O trabalho não foi invenção humana, foi invenção de Deus. E não é castigo. Ainda no Éden, antes da queda, Ele deu a Adão a missão de jardineiro, de administrador de tudo. Não se tratava de balançar em uma rede, mas de cumprir um propósito. Após a queda, o que mudou foi que essas tarefas custariam mais suor, exigindo maior esforço ao arar terra. Mas o trabalho já era missão antes do pecado.
Esse orgulho e essa necessidade de dizer quem nossos filhos se tornaram profissionalmente — ou ainda estão se tornando — não é apenas vaidade, é da nossa natureza. É natural querermos afirmar que criamos pessoas responsáveis, estudiosas, capazes de seguir suas vidas sem nós: ensinando, cuidando, administrando… não importa. O essencial é que encontraram formas de serem produtivos e autônomos. Esse é o curso natural da vida.
A terceira experiência que tive parece antagônica, mas reflete a falta de estrutura para que quem estudou possa retornar à sociedade em forma de serviço — e, a partir dele, sustentar-se.
As universidades deveriam cumprir esse papel. Nem todos precisavam estar nelas para produzir. Muitos que hoje estão aposentados tiveram bons salários graças a um curso profissionalizante. O vestibular não era excludente: selecionava não apenas quem queria, mas quem tinha condições intelectuais de se aprofundar, especializar-se e, depois, retribuir à sociedade o investimento público que recebeu.
Não quero me deter na qualidade do ensino, nas cotas ou no fato de termos hoje analfabetos funcionais com doutorado. Quero refletir sobre a completa insignificância que, em muitos casos, um diploma universitário passou a ter. Algo que, no passado, valia tanto.

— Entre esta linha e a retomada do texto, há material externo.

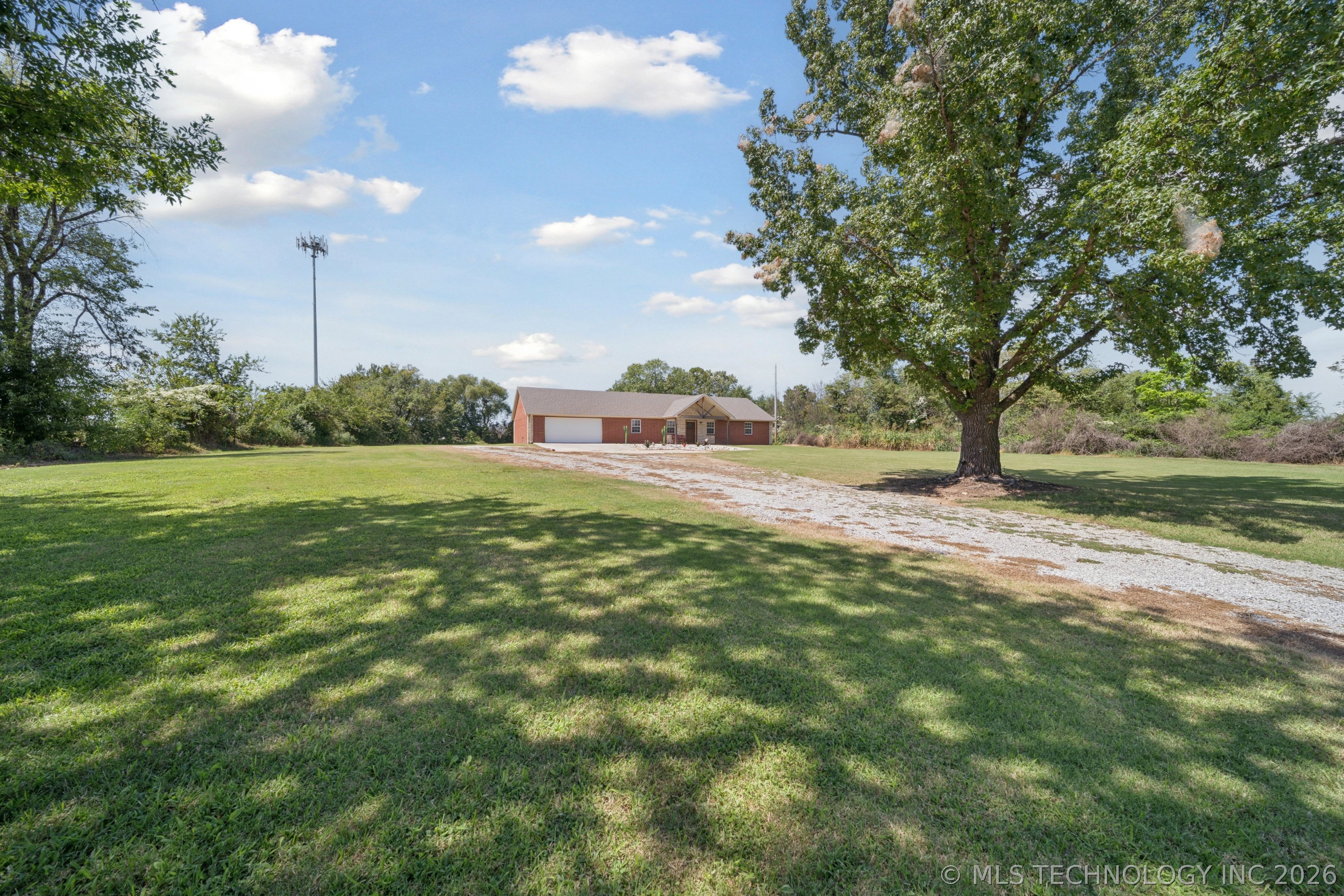 15375 N 247th Road Property Photo 4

Recentemente, fui fazer uma matéria próxima ao lixão do KM 15, onde funciona uma casa de farinha. O projeto, além de econômico, tem cunho social: garantir farinha para o consumo dos povos indígenas e também como fonte de renda. A responsável pelo projeto me contou que algumas pessoas que trabalhavam no lixão faziam diárias ali para descascar mandioca. Ela só não contratava mais porque não tinha recursos para pagar.
No local, tentei conversar com duas mulheres que trabalhavam no lixão. Uma delas me disse:
— “Aqui é muito melhor. Lá é no sol quente, aqui temos sombra.”

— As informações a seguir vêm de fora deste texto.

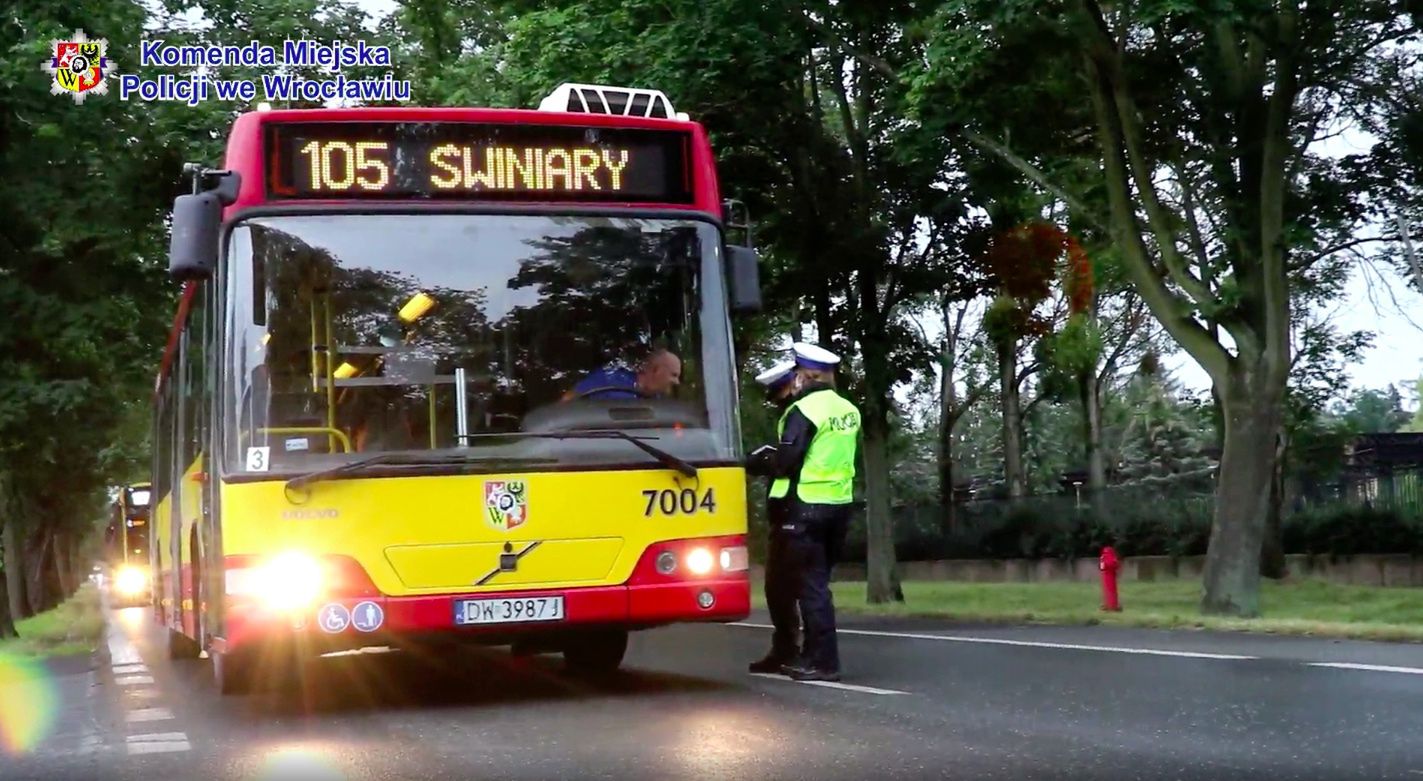 Wrocław. 25-latek potrącony przez autobus. Był poszukiwany listem gończym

Fiquei próxima e ouvi quando ela completou:
— “Eu sou formada em Pedagogia, mas não consigo emprego. Só consegue quem tem alguém lá dentro.”
Fiquei triste e respondi que não deveria ser assim. Um país não pode formar pessoas em massa sem ter como absorvê-las no mercado. A oportunidade deveria existir para todos, não apenas para quem tem “um padrinho”.
Aquela cena me chocou. Eu estava diante de uma pedagoga sobrevivendo do lixão e fazendo diária de descascadora de mandioca. Não há demérito algum no trabalho braçal. Mas ela não estudou anos a fio para disputar vaga como catadora de lixo.
Essa jovem é retrato do que não deu certo, mesmo para quem buscou se preparar. Provavelmente, cursou faculdade particular com apoio do Fies ou do Prouni. Nossos impostos financiaram sua formação. E, mesmo assim, sem oportunidade, ela não consegue exercer sua profissão. Ainda assim, dignamente, encontra algum sentido ao se manter ocupada todos os dias para colocar comida na mesa.
Mas o que dizer dos nem-nem? Aqueles que nem estudam nem trabalham, que vivem às custas de alguém — pais, familiares ou até mesmo do Estado, por meio de benefícios sociais que, em vez de resolver os problemas, apenas os cronificam?
Há um ditado que diz: “mente vazia é oficina de Satanás”. Será que, com a decadência moral, a desestrutura familiar e as políticas públicas fracassadas, não estamos transformando o Brasil em uma imensa oficina, com uma multidão de vidas em idade produtiva, mas completamente sem sentido?
Há algo de muito errado que não está certo. Sem direção clara, sem incentivo e sem oportunidade, o que vemos é uma juventude sendo cooptada pelo crime, onde encontra, ainda que de forma distorcida, um sentido para a vida — baseado justamente na completa falta de valor pela própria existência e pela do outro.